以前、どこかのブログでこの映画を面白いと書いていらっしゃる方がいて、僕自身とても興味のある題材なので今回観てみることにしました。
僕が興味を持っているのは、【どこかでニアミスしているかもしれないという事実は、本人たちだけがそれを悲劇と認識できない】、という点です。
本人たちは逢わないどころかすれ違ったことすら気付いてませんから、「何も起きていない」のと同じこと。しかし第三者である観客は「あー惜しい!あそこで信号渡っていれば…」などと登場人物の行動に一喜一憂します。まさに「知らぬは本人ばかりなり」。この構造こそ映画やドラマ、小説などを面白くするひとつの手法だと思うんです。
ならば、この構造をドラマの軸にしてしまったらどうか、と考えていた矢先、この作品のことを知ったわけで、となればそりゃ観たくなりますよね(笑)。
「物理的なすれ違い」を描いた作品だけに、僕が最も興味を持っていたのは「すれ違いのパターン」をいくつ見せるのか、と言う点でした。
個人的にはすれ違う回数が多すぎると思います。あまりにも多すぎてちょっとコント風になってしまってる。劇的な感じが途中からなくなるのがとても残念。
でもそれ以前に面白かったのは、2人のなれそめ(ネタバレ自主規制)。この設定は1本取られたなあと思いました。だから、どうせならこの部分をもっと劇的に描くべきだったと思います。クァク・ジョエン(「猟奇的な彼女」の監督)好みの設定なので、彼なら全然違う演出をしたような気がします(笑)。
そして当然のことですが「どうやって結末をつけるのか?」が、途中からかなり気になる!
僕もいろんな予想をしましたが全部はずれました。「え!マジ?」って感じ。興味のある方はぜひ観て下さい(笑)。ただ作品としてのクオリティは決して高くありません。

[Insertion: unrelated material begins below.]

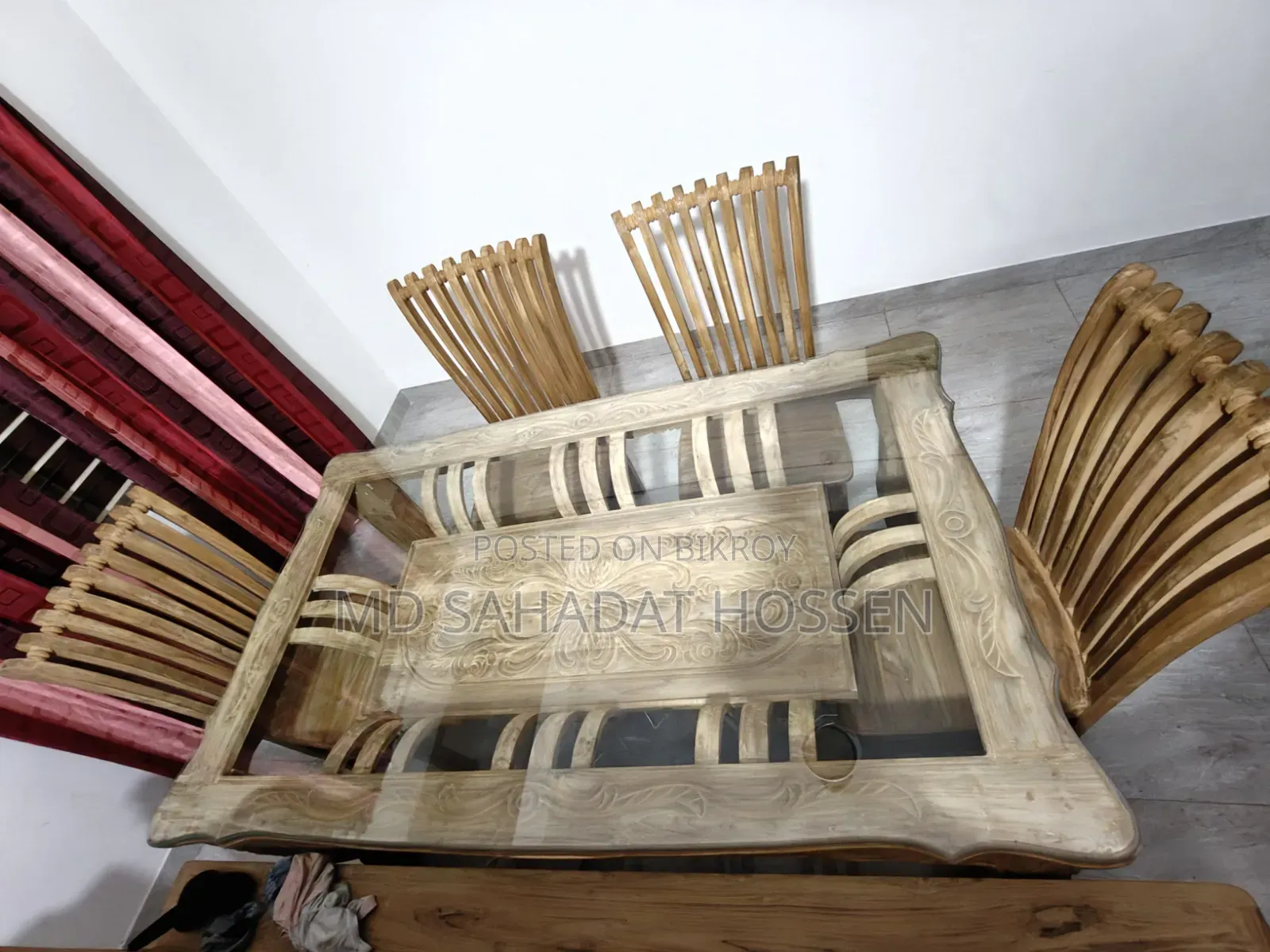 Premium Wooden 6-Chair Dining Table Set (with Glass)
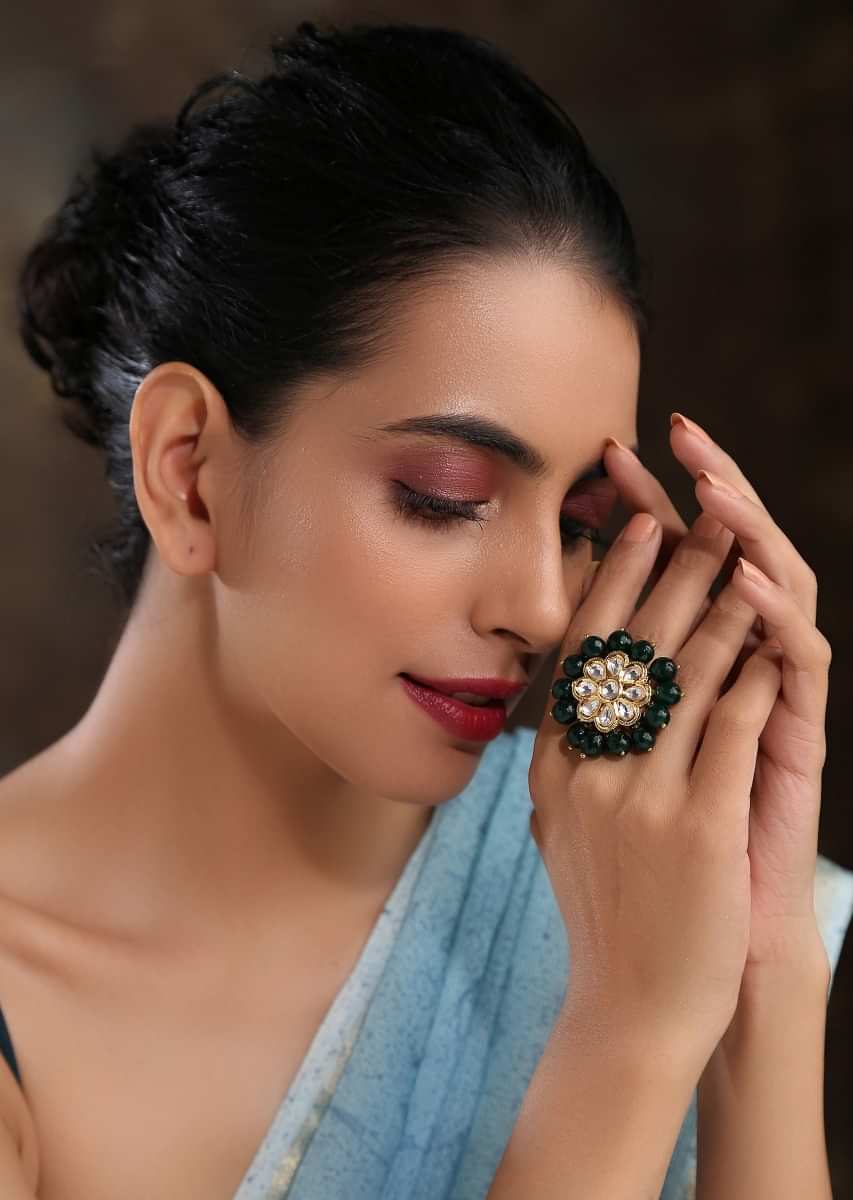 Gold Plated Ring Featuring Flower Shaped Kundan Surrounded With Green Beads On The Edge By Paisley Pop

主演女優のジジ・リョン。芝居はヘタですが可愛いです。釈由美子っぽいからタイプじゃないけど(笑)。ところがメイキングのインタビュー映像を見たら、ヘアメイクのタッチが違っているせいもあって釈ちゃんから突然、矢田亜希子風になります。これがまたすごく可愛い。どうして映画よりもただのインタビュー映像がキレイに見えるんだ?こりゃ一体誰のせいだ?(笑)。
結論。
題材は面白い。この原作を基にして別の脚本を書いてみてもいいと思いました。